TASK TO CARRY OUT
Beginning with the line that holds "MOI-A韓國代購女士新品休", copy each line exactly through the end of the entries, but leave the pictures out.

EXERCISE DATA
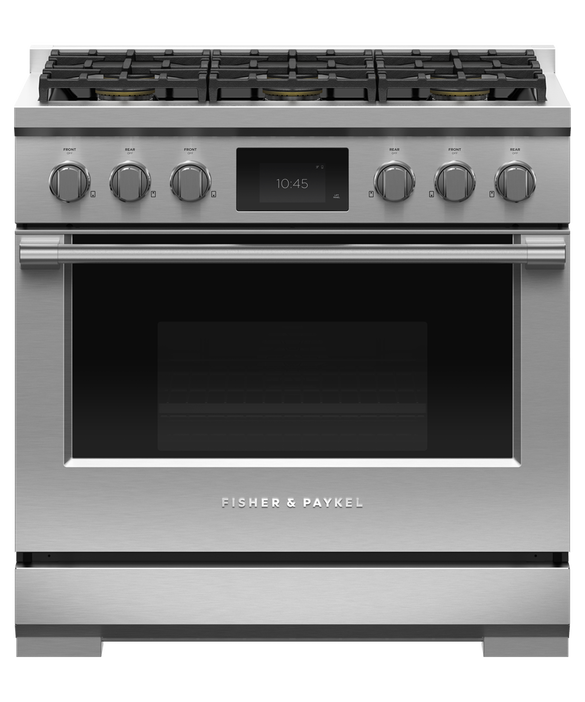 Fisher & Paykel RDV3-366-L 36" Professional Dual Fuel Range – Stainless Steel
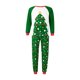 thumbnail image 2 of Conjuntos de pijamas navideños familiares a juego: camisetas de manga larga con cuello redondo + pantalones con estampado de árbol de Navidad, mono o conjunto para perro., 2 of 10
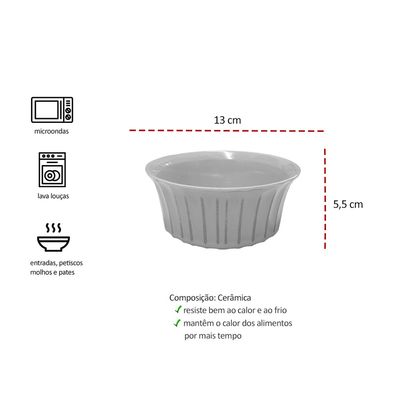 Tigela Ceramica Rosa Bege Bowl Petisco 13cm
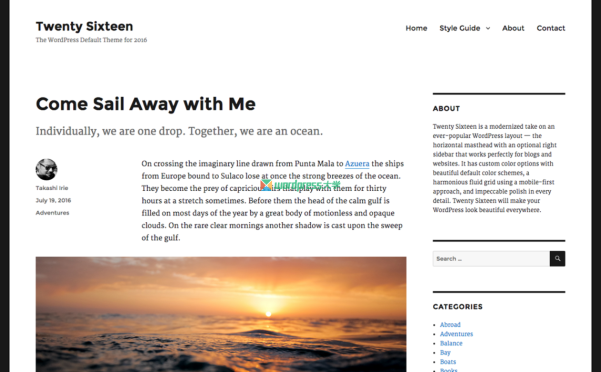 WordPress 4.4 Beta 1 发布，新增响应式图片、内容嵌入功能和 Twenty Sixteen 主题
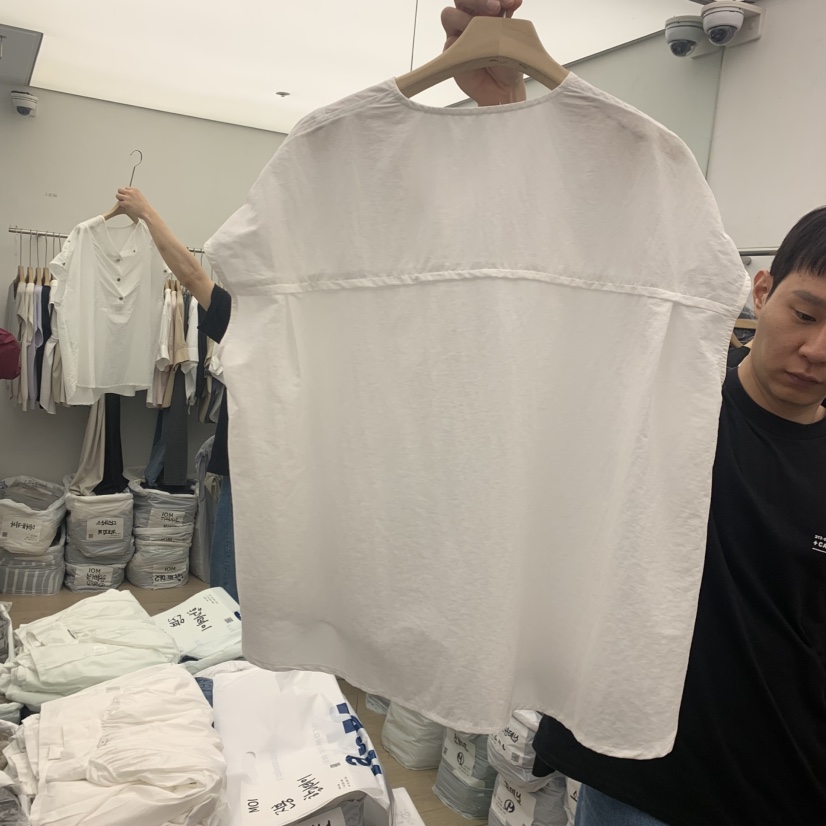 MOI-A韓國代購女士新品休閑人氣26春夏26夏季襯衫蕾絲衫LMOI-A襯衫/蕾絲衫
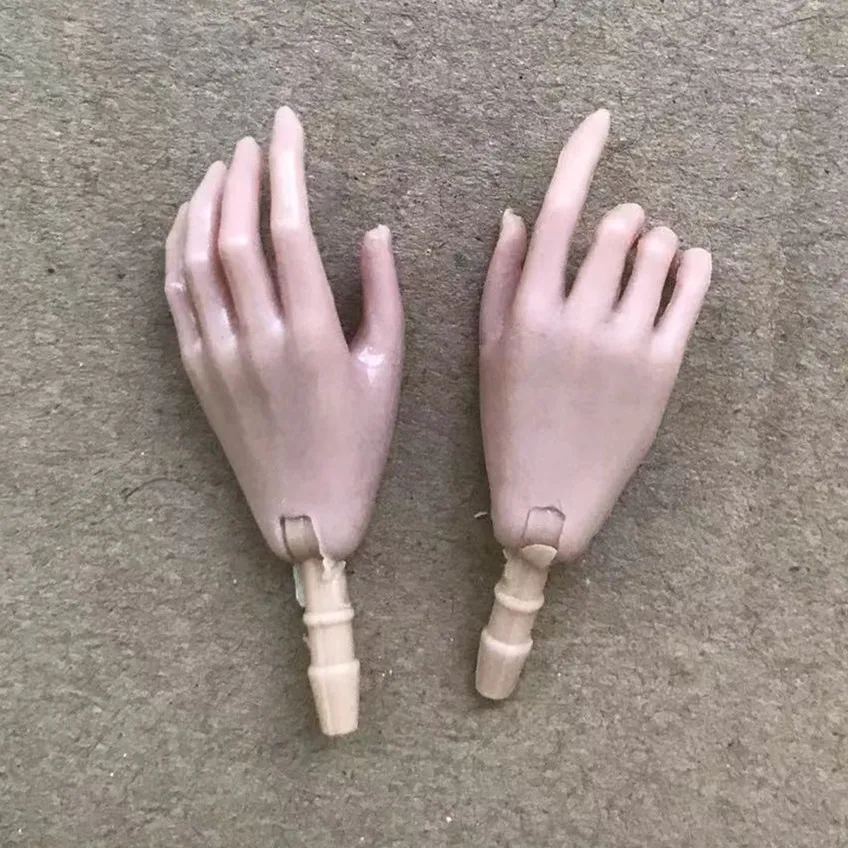 Universal 1/6 Puppe Hände DIY Puppe Dekore Mode Geste Puppe Hände Füße Zubehör Weiß Beige Farbe Puppe Teile Mädchen Geschenke spielzeug – Detail 18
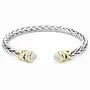 14KT Gold Plated CZ Cuff Bracelet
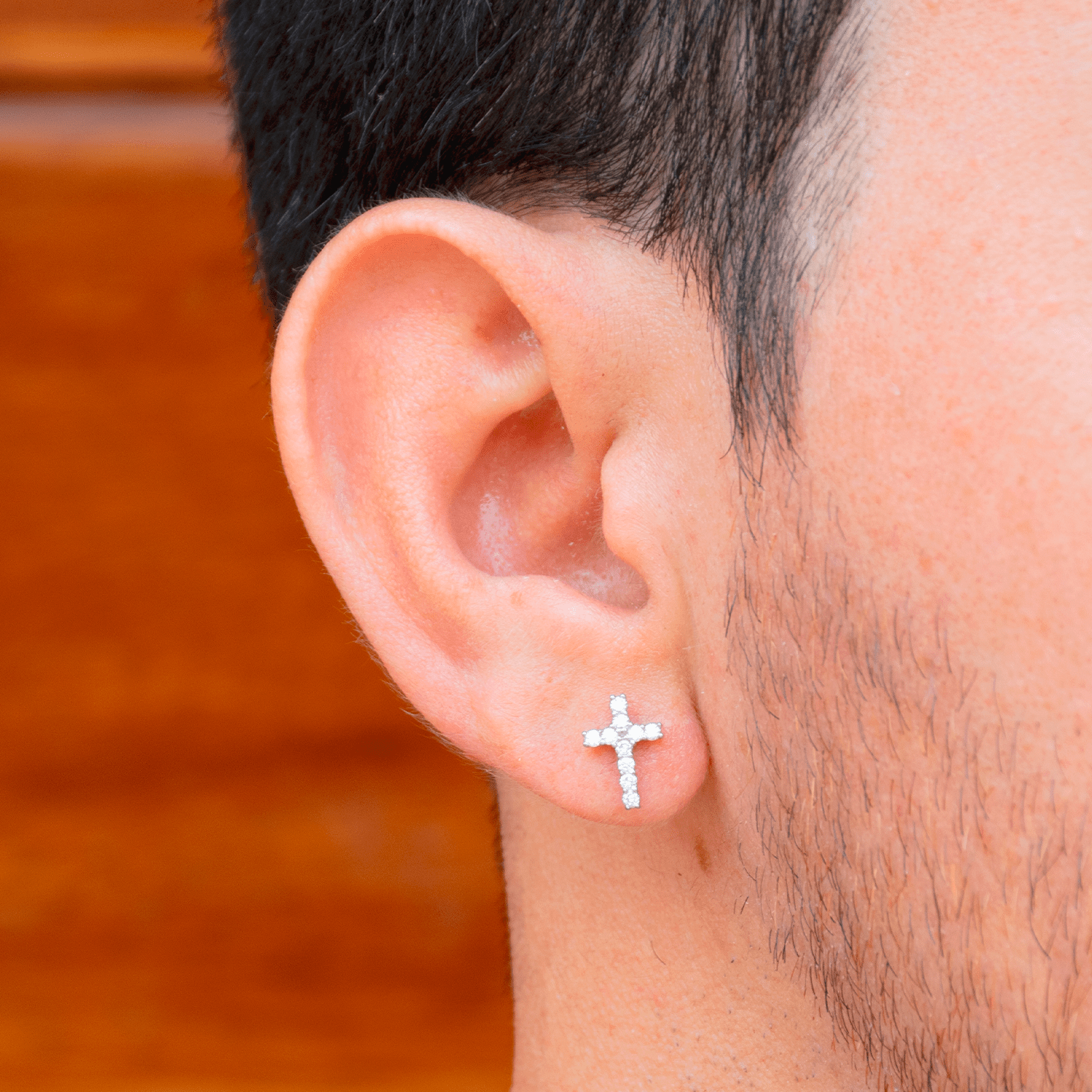 Aretes de Cruz - Lion Luxury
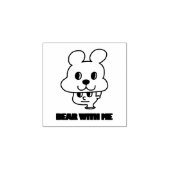 私にゴム印を付ける ラバースタンプ (インプリント)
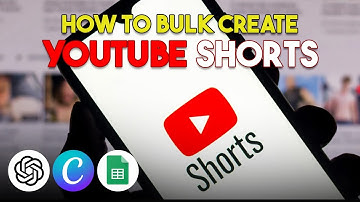 How To Bulk Create YouTube Shorts Using ChatGPT & Canva & Google Sheets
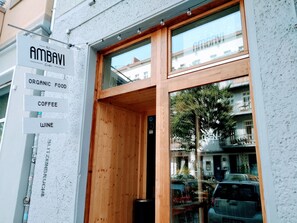 Exterior detail - Modern studio apartment in Friedrichshain (Berlin)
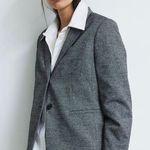 H&M Fitted Women’s Blazer Size M Dark Gray Photo 7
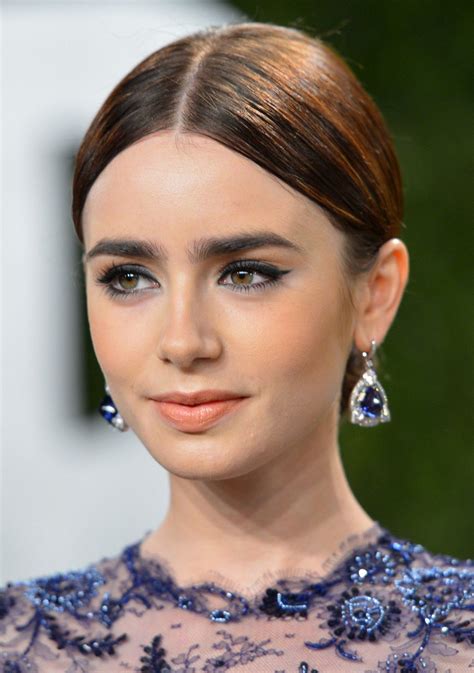 7 Makeup Ideas To Steal From Lily Collins Our No 1 New Makeup Muse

RESPONSE AREA
 MOI-A韓國代購女士新品休閑人氣26春夏26夏季襯衫蕾絲衫LMOI-A襯衫/蕾絲衫
 Universal 1/6 Puppe Hände DIY Puppe Dekore Mode Geste Puppe Hände Füße Zubehör Weiß Beige Farbe Puppe Teile Mädchen Geschenke spielzeug – Detail 18
 14KT Gold Plated CZ Cuff Bracelet
 Aretes de Cruz - Lion Luxury
 私にゴム印を付ける ラバースタンプ (インプリント)
 How To Bulk Create YouTube Shorts Using ChatGPT & Canva & Google Sheets
 Exterior detail - Modern studio apartment in Friedrichshain (Berlin)
 H&M Fitted Women’s Blazer Size M Dark Gray Photo 7
 7 Makeup Ideas To Steal From Lily Collins Our No 1 New Makeup Muse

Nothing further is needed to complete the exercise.